Top of The input

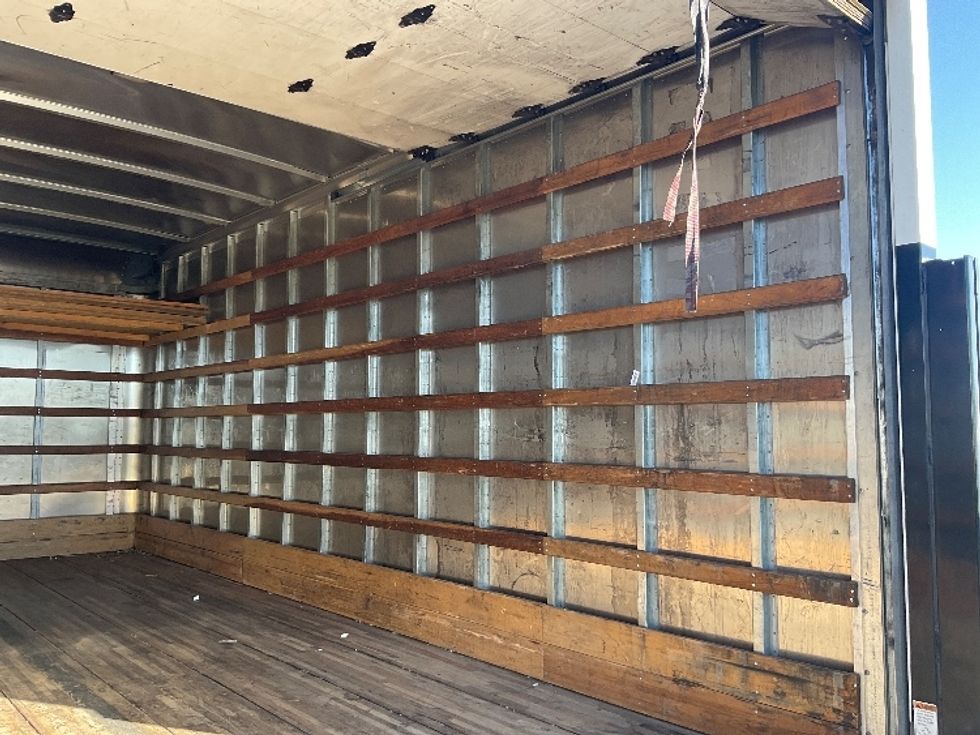 Light Duty Box Truck-Light and Medium Duty Trucks-Isuzu-2021-NPR-Phoenix-AZ-216,970\n\t\tmiles-$ 26,250 - Image 12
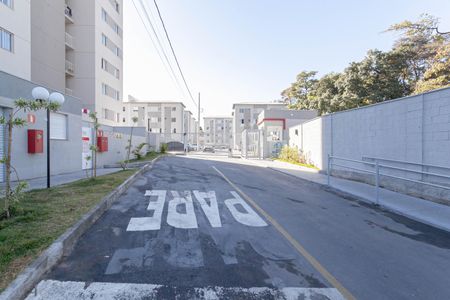 Fachada do condomínio de apartamento para alugar com 2 quartos, 45m² em Jardim Alvorada, Contagem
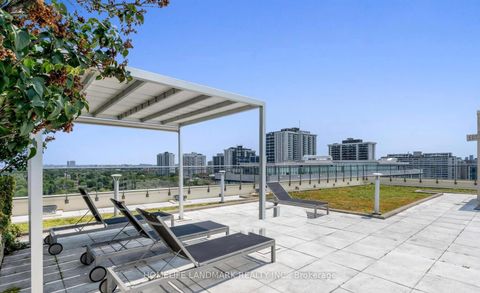 Photo 16 at 304 - 23 Glebe Road W, Eglinton, Toronto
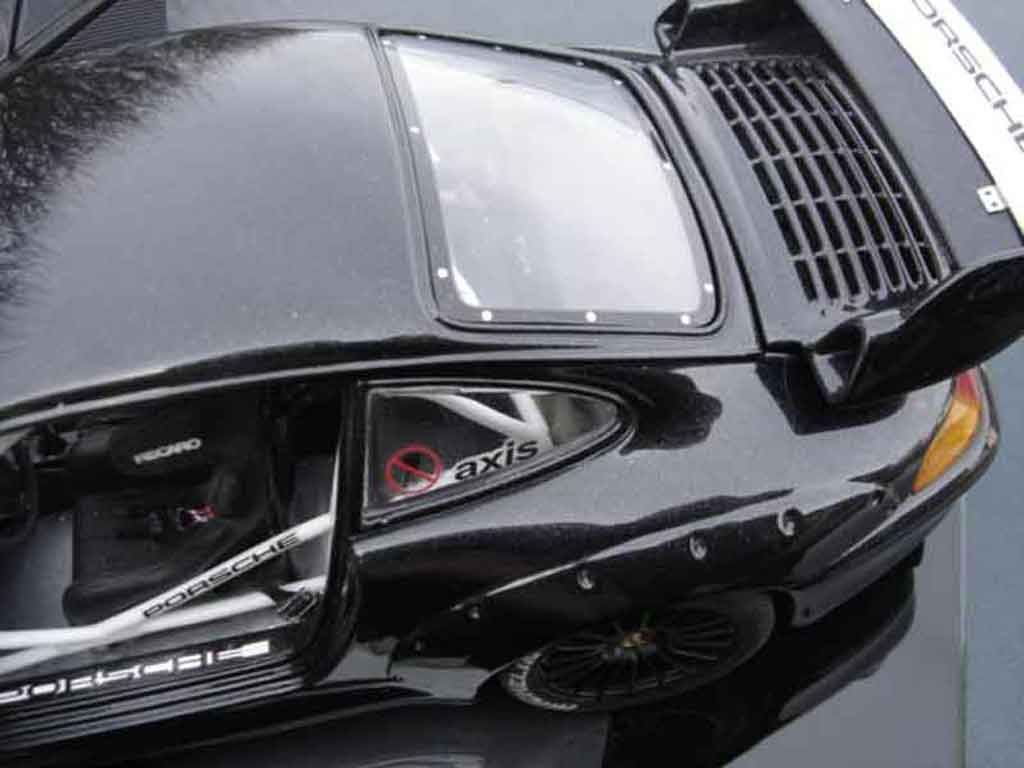 Porsche 911 GT2 1/18 Ut Models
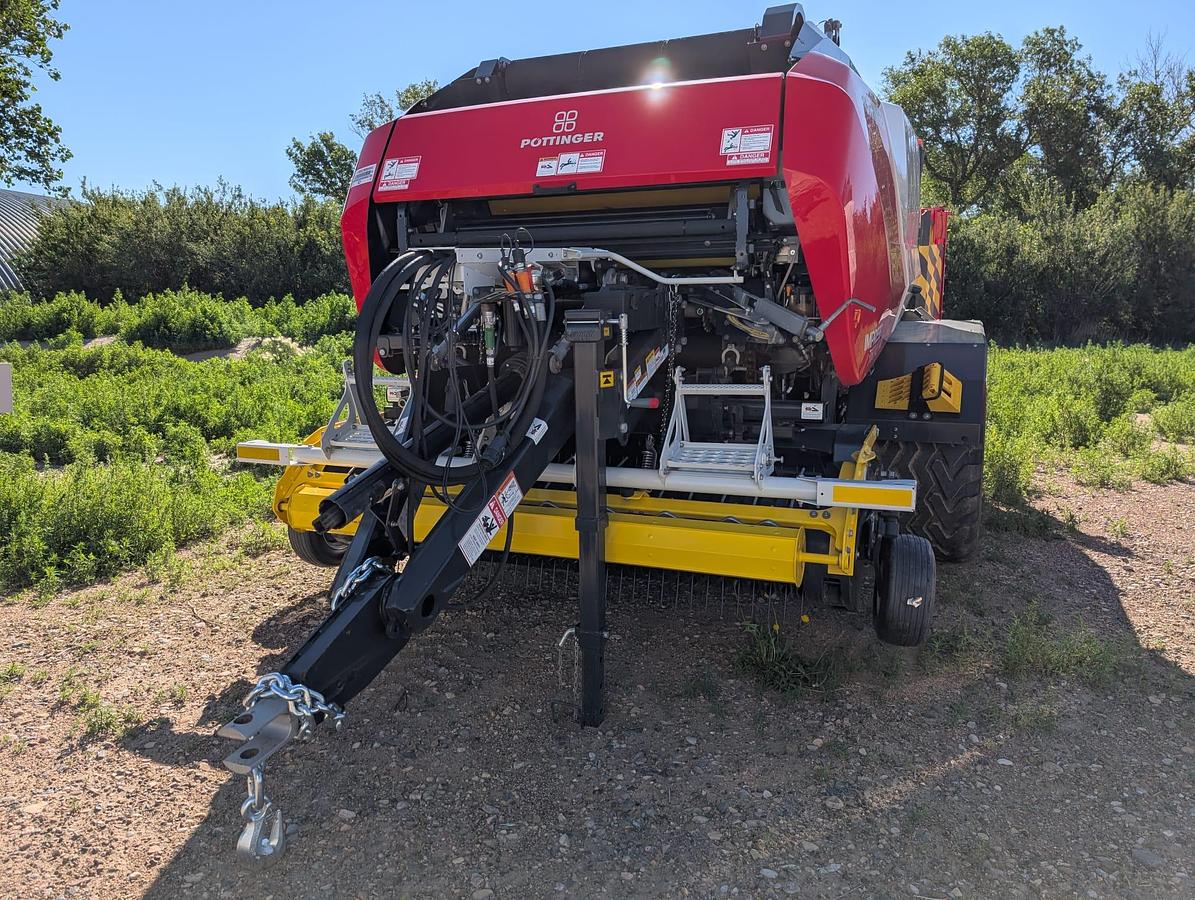 Used 2025 Pottinger Impress 3160 VC Pro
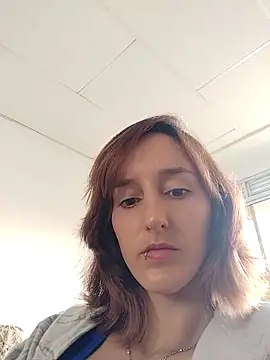 Ambar Roux  online show from November 2025 03:35:01 PM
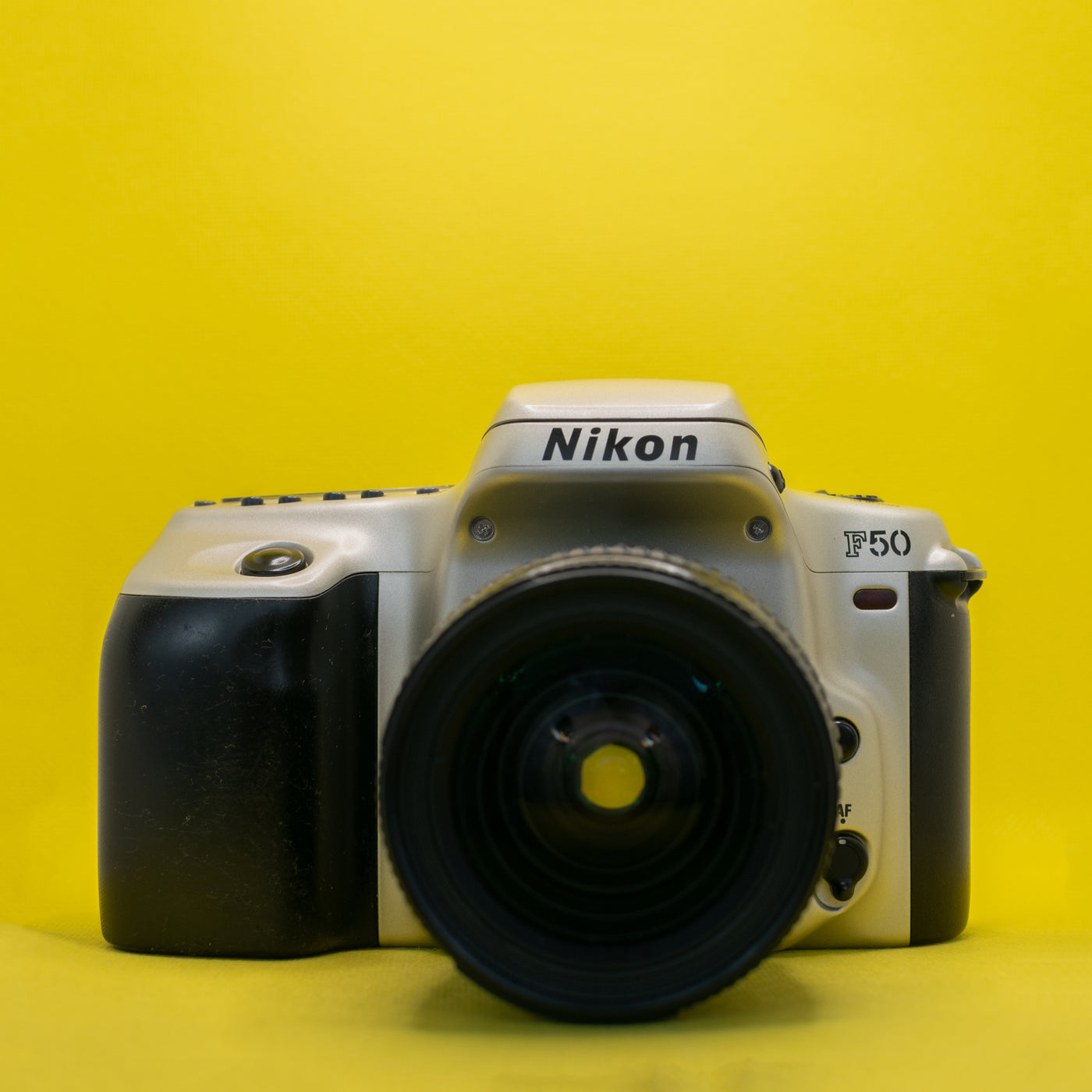 Nikon F50 - 35mm SLR Klassische Filmkamera · Hauptbild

Bottom of The input

Please retype the listing exactly, leaving out any images.

** Your response **
 Light Duty Box Truck-Light and Medium Duty Trucks-Isuzu-2021-NPR-Phoenix-AZ-216,970\n\t\tmiles-$ 26,250 - Image 12
 Fachada do condomínio de apartamento para alugar com 2 quartos, 45m² em Jardim Alvorada, Contagem
 Photo 16 at 304 - 23 Glebe Road W, Eglinton, Toronto
 Porsche 911 GT2 1/18 Ut Models
 Used 2025 Pottinger Impress 3160 VC Pro
 Ambar Roux  online show from November 2025 03:35:01 PM
 Nikon F50 - 35mm SLR Klassische Filmkamera · Hauptbild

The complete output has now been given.